Вот почему Булгаков до последнего дня правил и переписывал его, был недоволен им, не считал его законченным. “Ваш роман прочитали – и сказали только, что он не окончен”.

В жизни все было окончено, и окончено так, как надо. В жизни – Булгаков понял все.

В романе сохранилось одно из самых опасных заблуждений человечества, и точнее прочих написал о нем блистательный исследователь Булгакова, недавно скончавшийся Александр Исаакович Мирер. В его книге “Евангелие Михаила Булгакова”, вышедшей сначала в США (и лишь недавно опубликованной у нас), содержится догадка – основательно подтвержденная на уровне текстуальном, – что Булгаков всегда симпатизировал тайной власти, тайной силе, оберегающей художника… иногда, если угодно, и тайной полиции – посмотрите на Афрания… И главная догадка Мирера – так точно понять писателя способен только другой писатель: Булгаков разъял реального Христа на Иешуа и… ну да, на Пилата. Иешуа получил кротость и смелость, Пилат – силу и власть.

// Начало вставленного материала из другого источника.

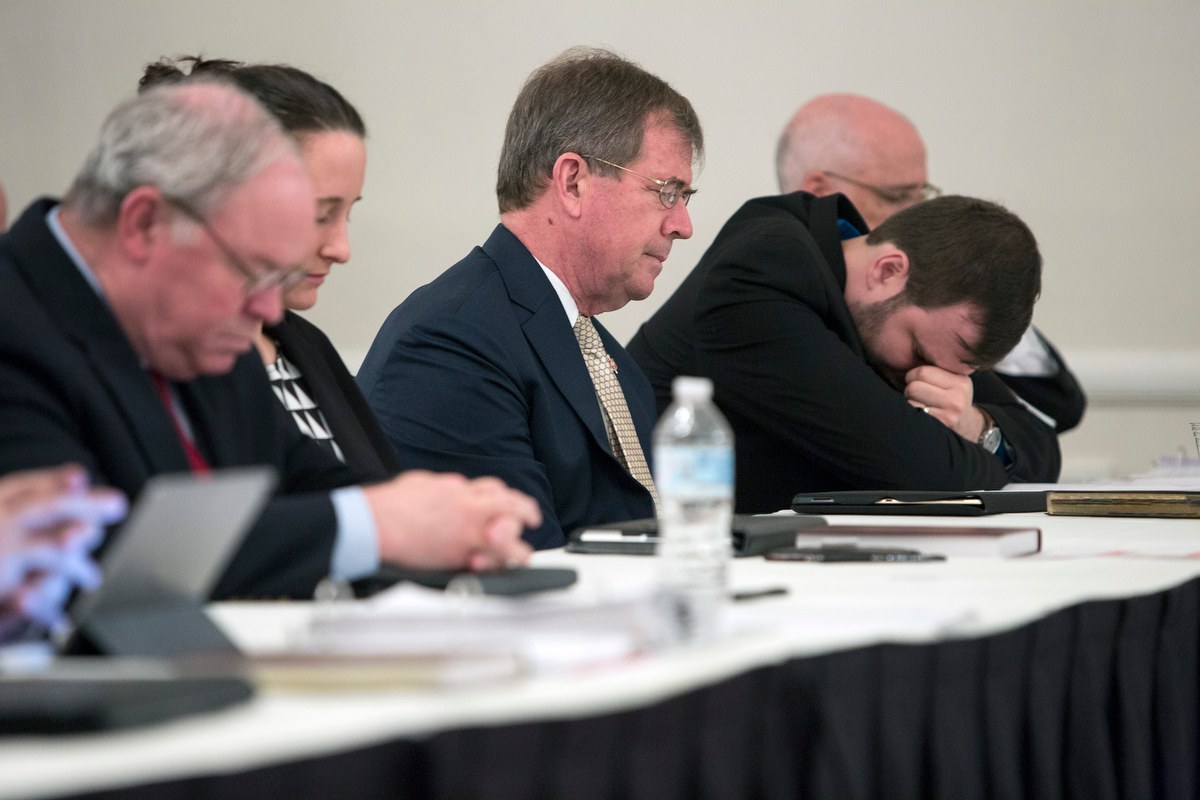 People who had submitted briefs to the United Methodist Judicial Council pray prior to a May 2018 oral hearing in Evanston, Ill. From left are the Rev. Keith Boyette, Stephanie Henry, Bishop Scott Jones, John Lomperis and Thomas E. Starnes. Boyette, Jones and Lomperis were among 28 United Methodists who signed a statement from a meeting in Atlanta about the formation of a new traditionalist denomination. File photo by Kathleen Barry, UM News.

Это, конечно, смелый вывод. Но похоже, что так оно и есть. Булгаков самым искренним образом верил в полезное зло – и боюсь, что некий метафизический перелом случился с ним именно в конце двадцатых, после неудачной попытки самоубийства. Возможно, ему была предложена определенная сделка – разумеется, говорю не о политике и вообще не о человеческих делах. Возможно, условием этой сделки было личное счастье (тут же на него обрушившееся), умеренное благосостояние и творческая состоятельность. Возможно, результатом этой сделки был и роман. Возможно – и даже скорее всего, – что Булгаков эту сделку расторг и это стоило ему жизни.

Вот о чем, если уж писать мистический роман, стоило бы написать большую прозу; и думаю, что Булгаков уже написал ее, и даже – что Мирер уже прочитал.